[ニューヨーク 3日 ロイター] 今週の米国株式市場は、6月の雇用統計など主だった指標が期待外れならば、後退する可能性がある。
先週の米株式市場は5日続伸、週間では2年ぶりの大幅な上昇を記録した。中期財政計画の可決を受けてギリシャ債務危機をめぐる不透明感が解消されたこと、米供給管理協会(ISM)が発表した6月製造業部門景気指数が市場予想を上回ったことが、相場押し上げにつながった。
アバロン・パートナーズ(ニューヨーク)のチーフマーケットエコノミスト、ピーター・カルディッロ氏は「今週は経済指標がカギ」と指摘。「四半期末にかけて株価は順調に上伸した。経済指標の結果が出るまでは、利益確定の動きが先行するかもしれない」との見方を示した。
ソラリス・アセット・マネジメントのティム・グリスキー最高投資責任者(CIO)は「景気サイクル半ばの低迷に対して勝利宣言するのは時期尚早」と話す。「株価がここ数日で大幅に回復したことを考えると、雇用統計の発表に向けて警戒感が強まる可能性がある」と述べた。

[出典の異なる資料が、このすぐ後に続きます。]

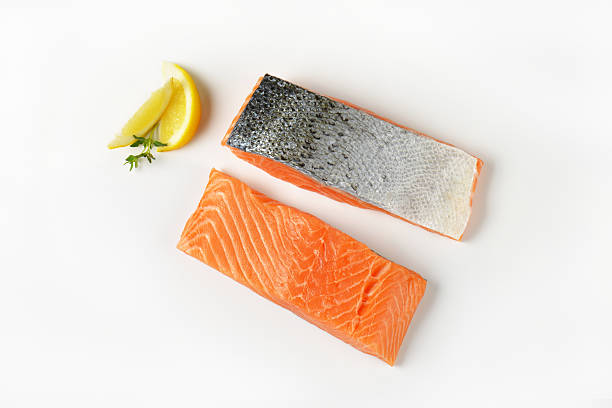 Two raw salmon fillets Two raw salmon fillets and lemon on white background raw food stock pictures, royalty-free photos & images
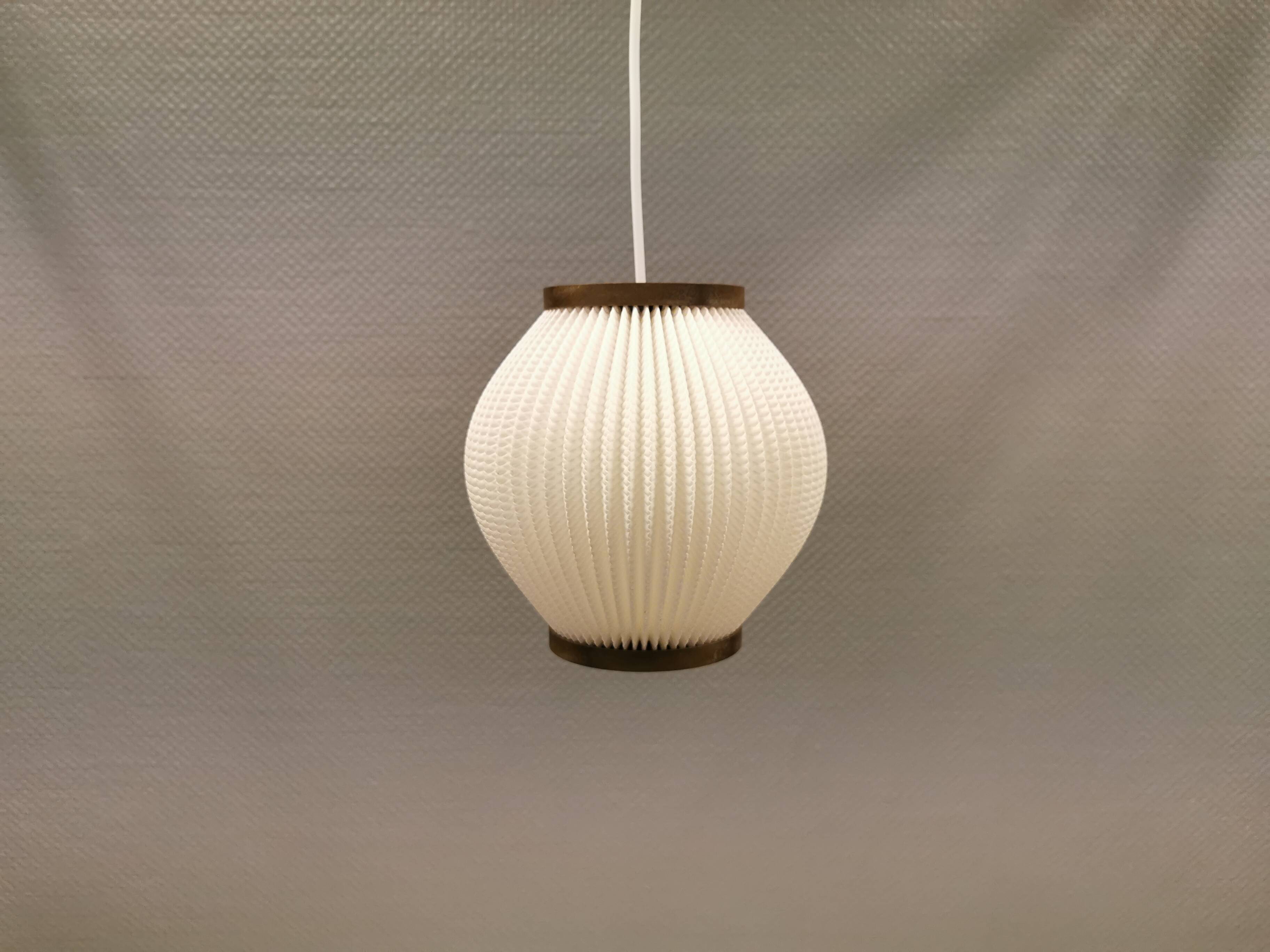 Pleated hanging lamp model Pearl Shade, produced by Hoyrup Light and designed by Lars E Schøiler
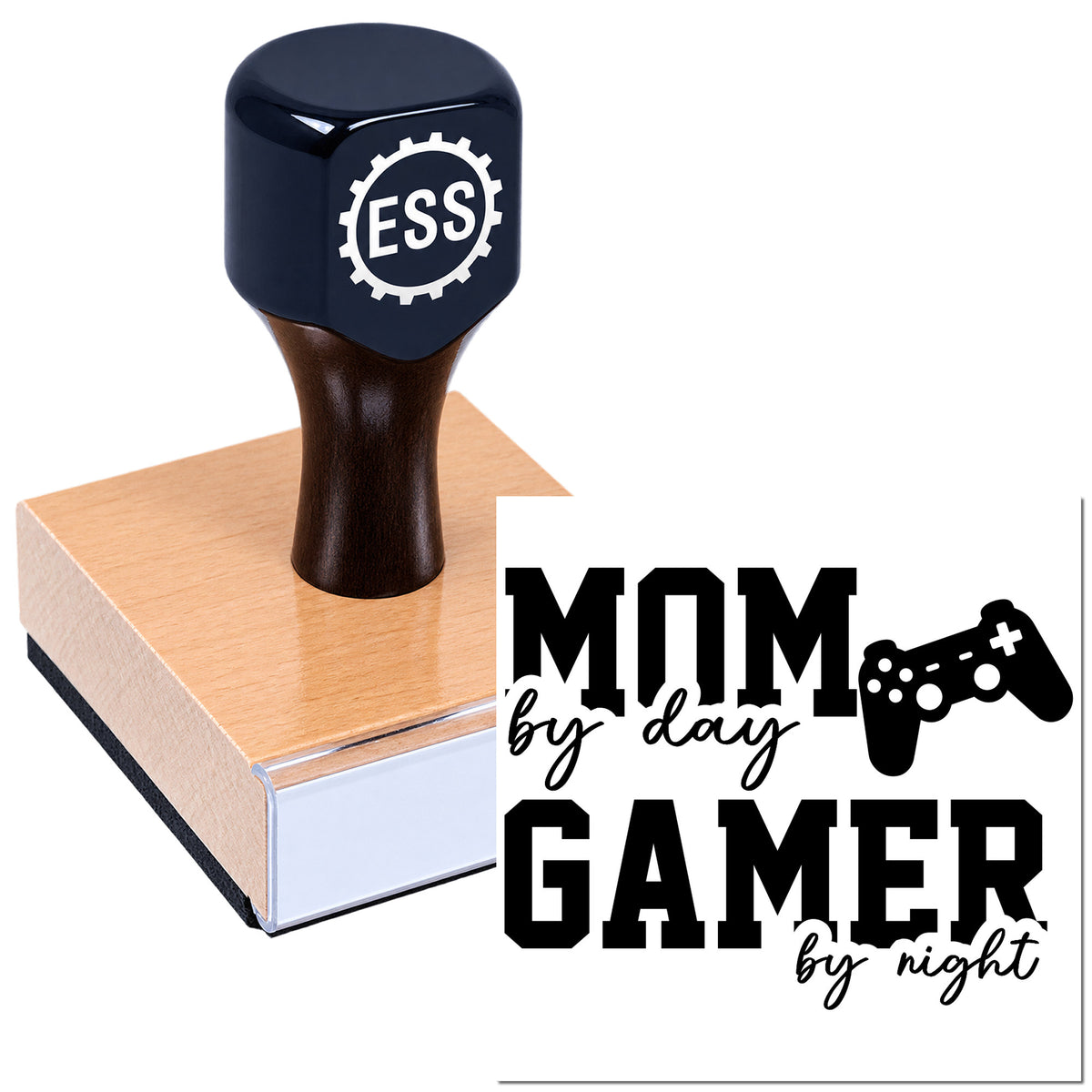 Navy ESS rubber stamp on wooden block, with black "Mom by day Gamer by night" seal and game controller.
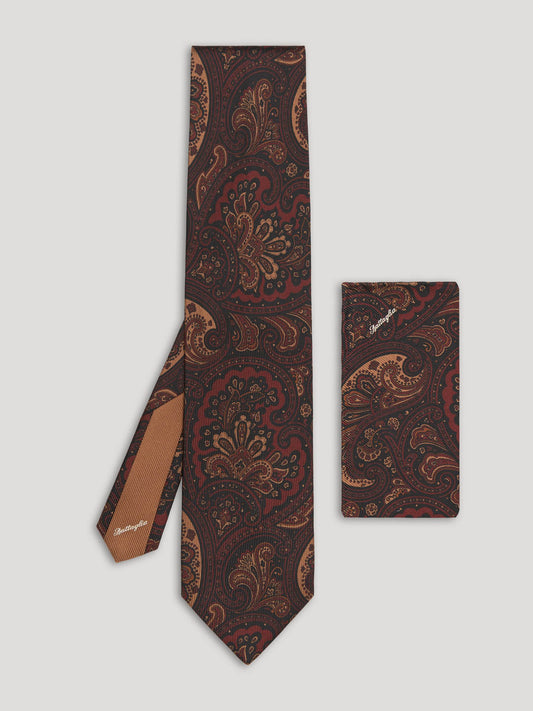 Burgundy paisley tie with matching handkerchief.
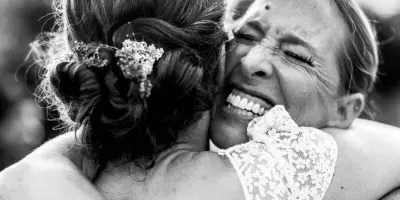 A black and white candid photograph of a bride in a lace dress laughing while hugging a guest.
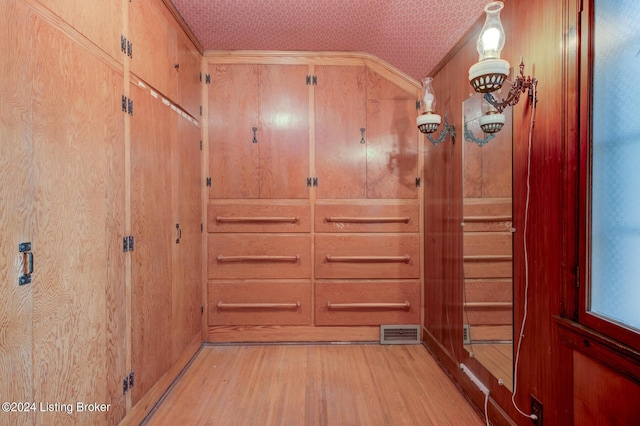 entryway featuring visible vents, wooden walls, light wood-style flooring, and vaulted ceiling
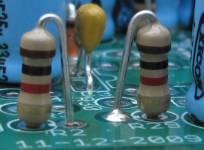 Figure 32. Resistors are mounted vertically, body on the circle As the parts are installed, it is recommended to both check the box below and cross off the part on the picture above.
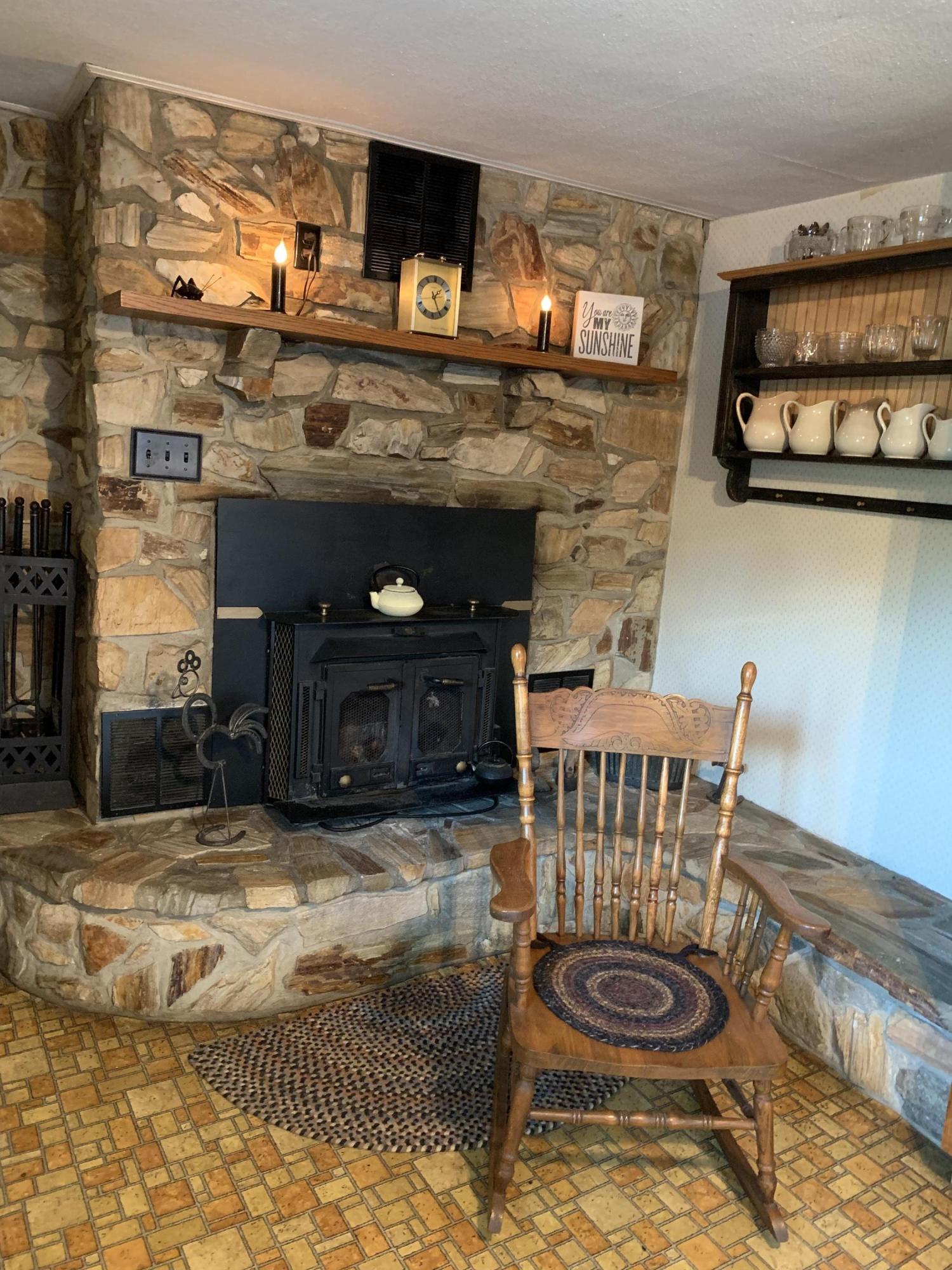1763 Morgans Mill Road Goodview, VA 24095 - Photo 37 of 46 a living room with furniture and a fireplace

今週発表予定の主要な経済指標は、5月の製造業新規受注(発表日:5日)、6月のISM非製造業景気指数(同6日)、6月の雇用統計(同8日)など。4日は独立記念日のため米国株式市場は休場となる。
<債務上限引き上げ問題、企業業績に関心移る>
先週1週間では、ダウ工業株30種指数<.DJI>は5.4%上昇、S&P総合500種指数<.SPX>は5.6%上昇、ナスダック総合<.IXIC>は6.2%上昇。各指数の上昇率は2009年7月以来の大きさだった。
ギリシャ債務問題がひとまず落ち着いたことから、市場の関心は、米債務上限の引き上げ協議に移っている。米財務省は1日、連邦政府の借り入れが8月2日以降、不可能になる、との見通しをあらためて示し、期限までに債務上限引き上げで合意するよう、議会への圧力を強めた。
米決算発表シーズンは、11日のアルコア
ソラリス・アセット・マネジメントのグリスキー氏は「商品価格の上昇を受け、国内経済には弱い部分がある。また日本や欧州、中国などさまざま要因を背景に、製造業にもやや弱さが見られる。これらが第2・四半期決算に影響を与え、業績見通しも一部、悪い内容になるかもしれない。そうなれば市場全体に幅広い影響が及ぶことになる」と述べた。